Exercise details:
Word for word, output every line of the material below, minus pictures.

Dataset extract:
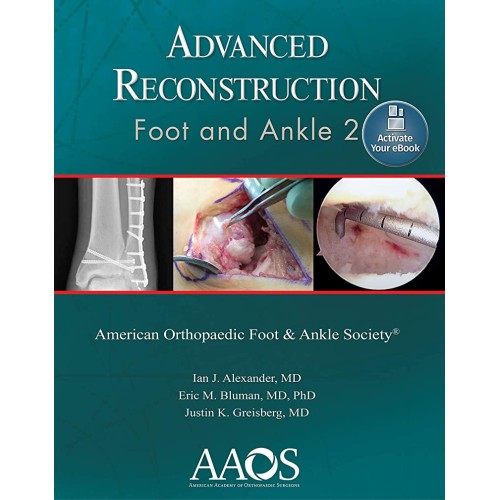 Advanced Reconstruction Foot And Ankle 2 (Pb ...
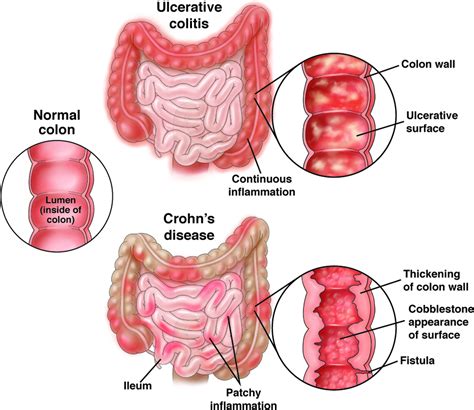 Crohns Disease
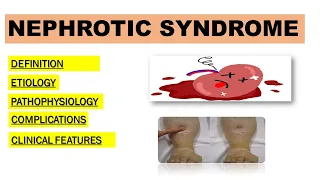 Nephrotic Syndrome | Simplified Overview | Made easy.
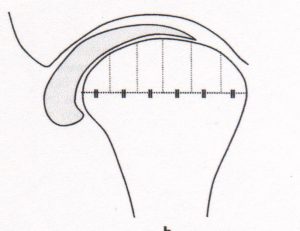 vuecoronale-disquedéplacé-orthodontie-drelafond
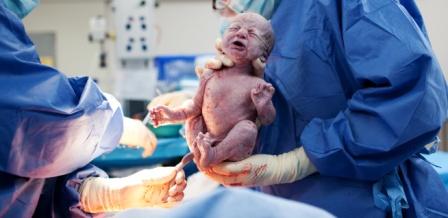 DVcesareanbirth_compressed.jpeg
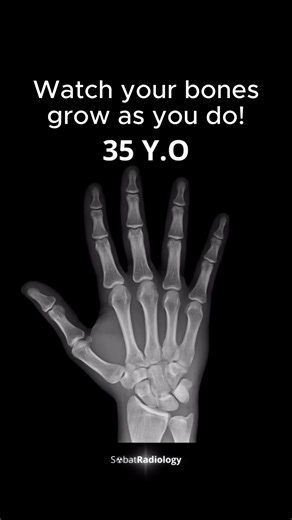 At birth, the hand is mostly cartilage—soft, flexible, and perfectly designed for a new human entering the world. Early X-rays look almost empty, showing only a few bright spots where future bones will emerge. The hand at this stage is more possibility than structure. During childhood, ossification centers begin to appear like tiny points of light. These areas gradually harden into the bones we recognize, while strength and coordination steadily develop. Even then, much of the hand remains unfin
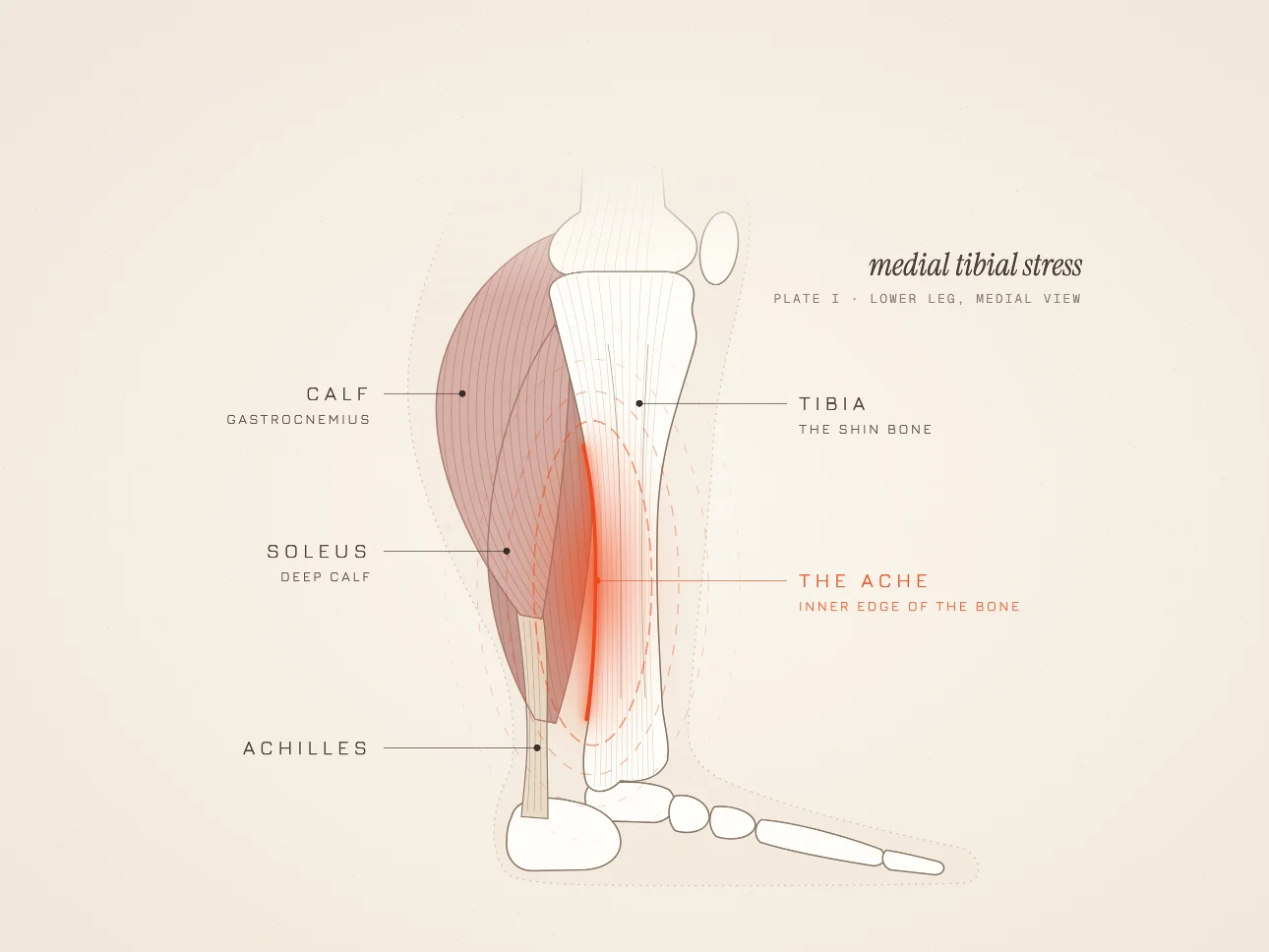 Shin Splints: Why They Happen and How to Get Back to Running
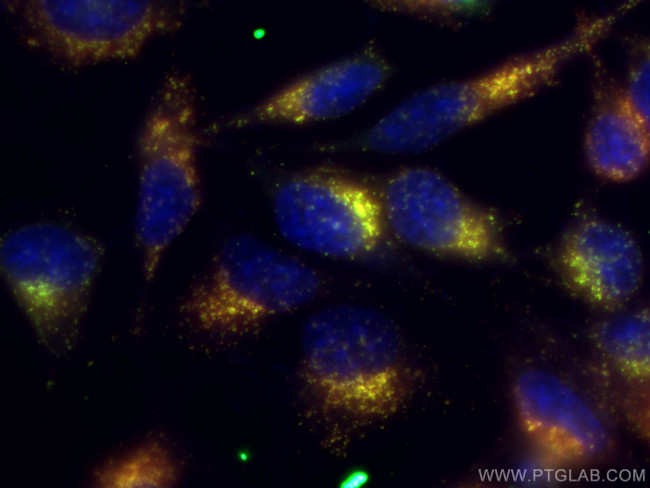 CD107b/LAMP2 Antibody in Immunocytochemistry (ICC/IF)
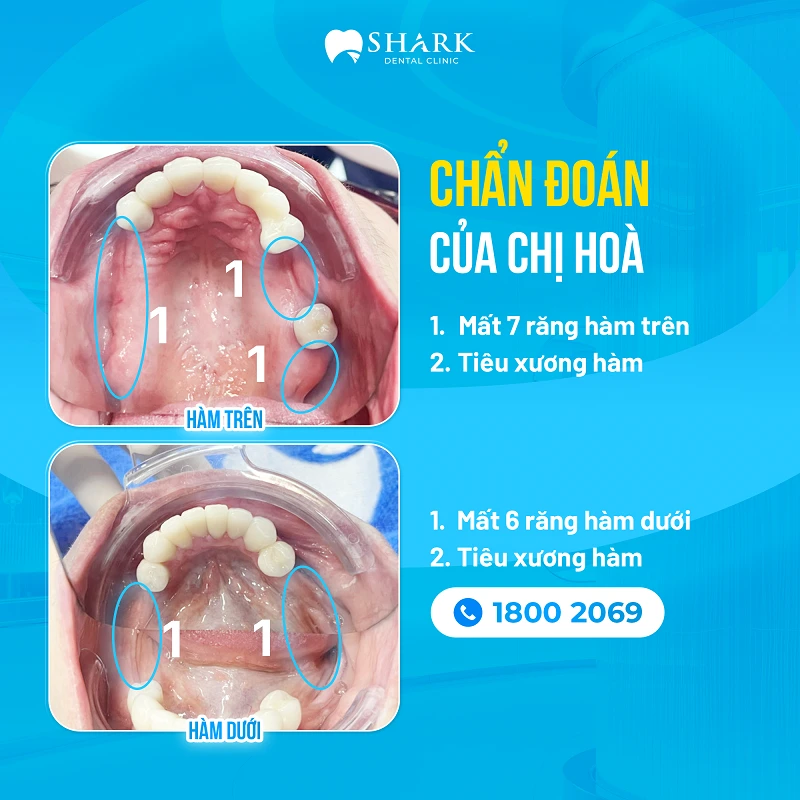 Chị Hòa - Cấy 5 Implant hàm trên & 4 Implant hàm dưới 1 Chẩn đoán tình rạng của chị Hòa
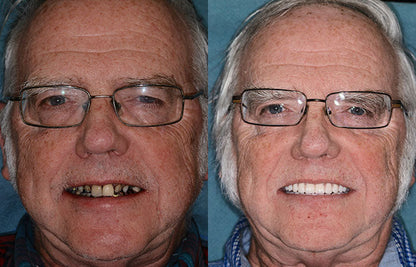 HOOMWELL™ --🦷Advanced Customized Full Denture Set🍎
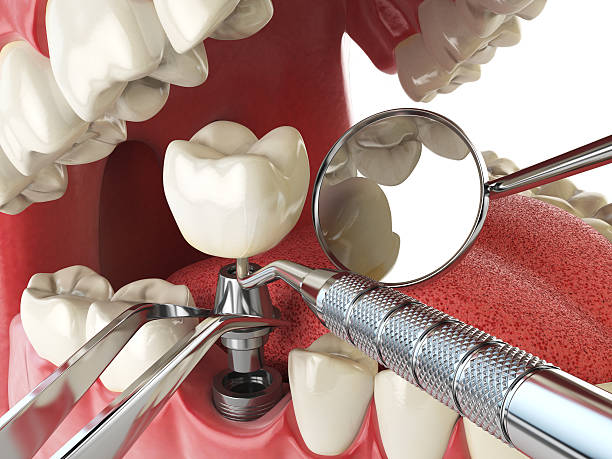 Best Emergency Dentist for Special Needs Patients in Herndon, VA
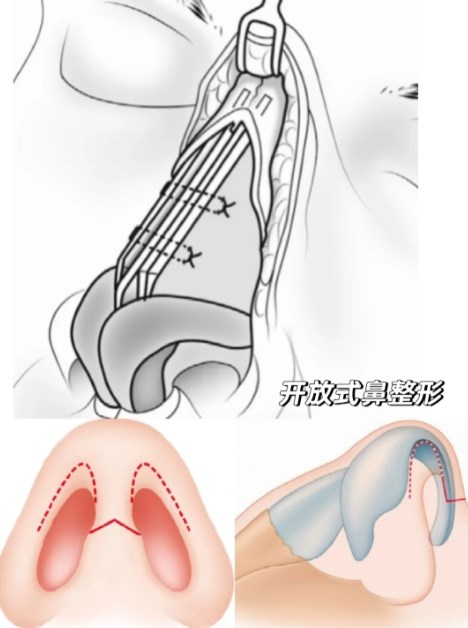 牛永敢的名气是捧出来的?错!国内首批引进达拉斯鼻整形技术,硬核实力碾压质疑~
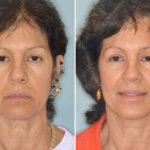 Brow Lift Before and After Photos in Miami, FL, Patient 2778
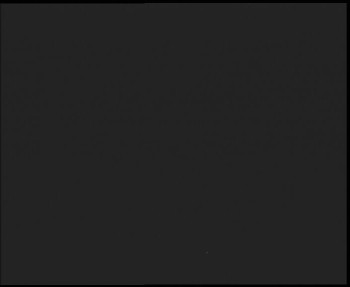 SkiAreál - Horský hotel...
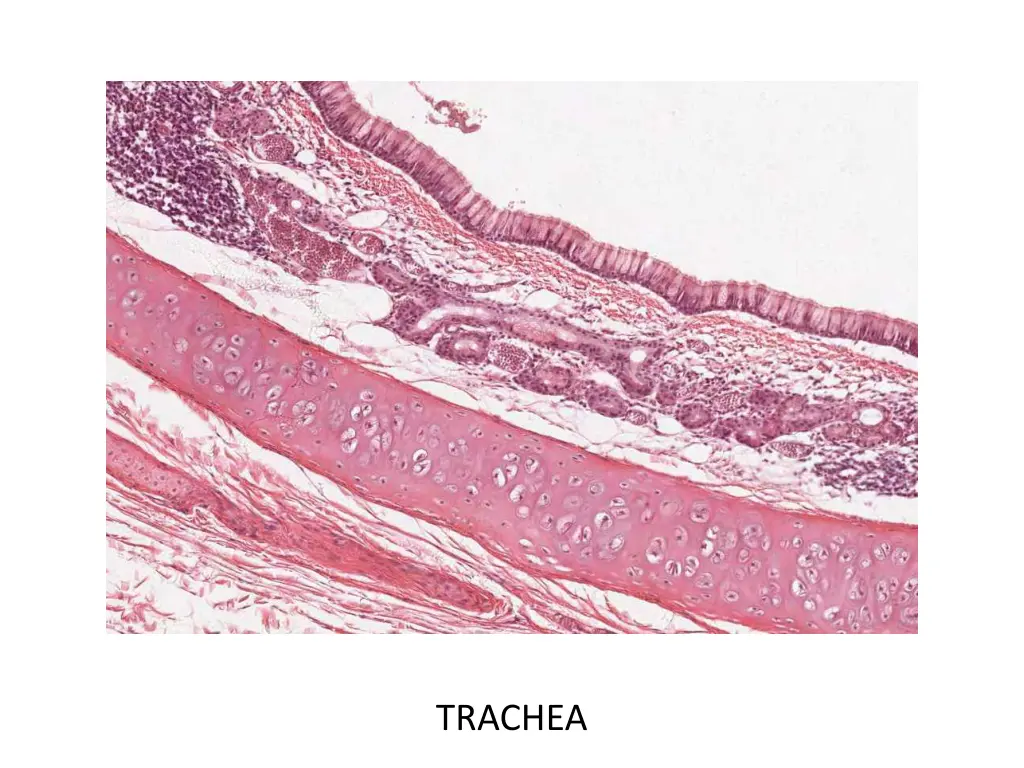trachea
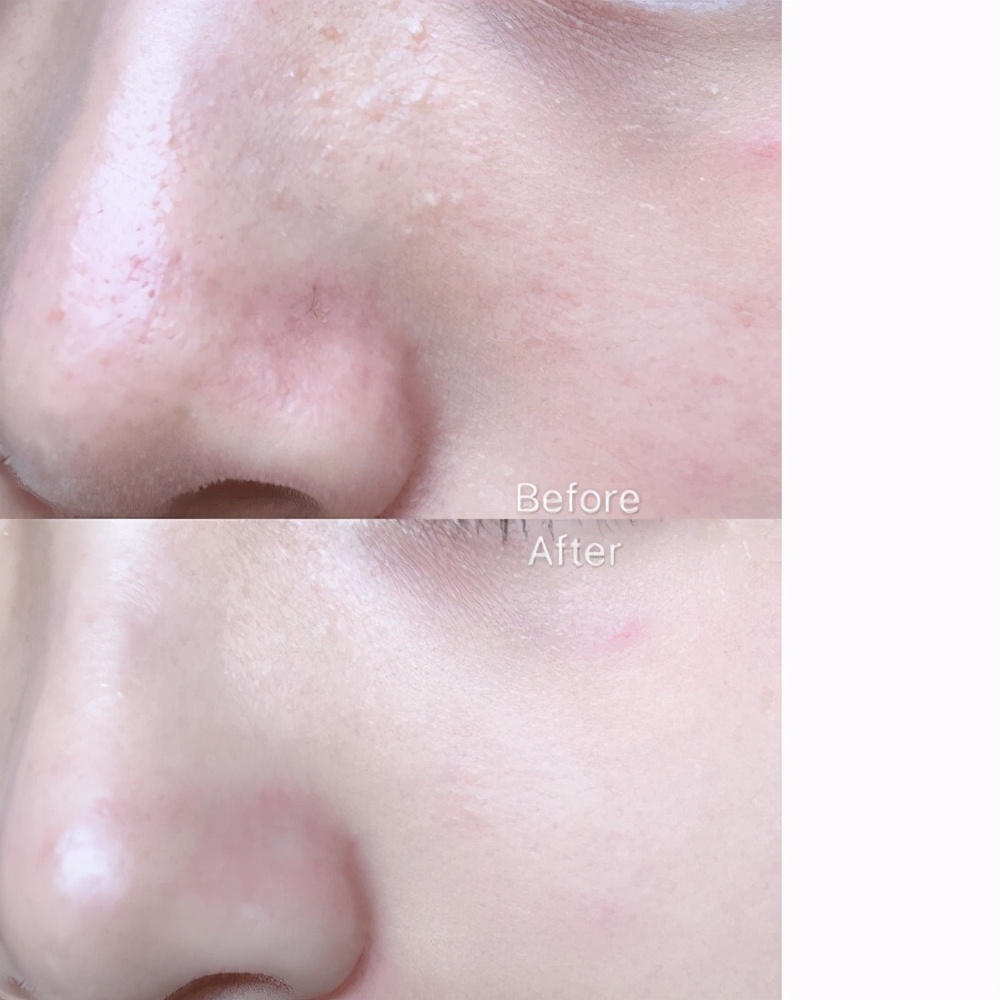 拒绝黑头、毛周角化，每天2块钱轻松搞定💖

Exercise answer:
 Advanced Reconstruction Foot And Ankle 2 (Pb ...
 Crohns Disease
 Nephrotic Syndrome | Simplified Overview | Made easy.
 vuecoronale-disquedéplacé-orthodontie-drelafond
 DVcesareanbirth_compressed.jpeg
 At birth, the hand is mostly cartilage—soft, flexible, and perfectly designed for a new human entering the world. Early X-rays look almost empty, showing only a few bright spots where future bones will emerge. The hand at this stage is more possibility than structure. During childhood, ossification centers begin to appear like tiny points of light. These areas gradually harden into the bones we recognize, while strength and coordination steadily develop. Even then, much of the hand remains unfin
 Shin Splints: Why They Happen and How to Get Back to Running
 CD107b/LAMP2 Antibody in Immunocytochemistry (ICC/IF)
 Chị Hòa - Cấy 5 Implant hàm trên & 4 Implant hàm dưới 1 Chẩn đoán tình rạng của chị Hòa
 HOOMWELL™ --🦷Advanced Customized Full Denture Set🍎
 Best Emergency Dentist for Special Needs Patients in Herndon, VA
 牛永敢的名气是捧出来的?错!国内首批引进达拉斯鼻整形技术,硬核实力碾压质疑~
 Brow Lift Before and After Photos in Miami, FL, Patient 2778
 SkiAreál - Horský hotel...
trachea
 拒绝黑头、毛周角化，每天2块钱轻松搞定💖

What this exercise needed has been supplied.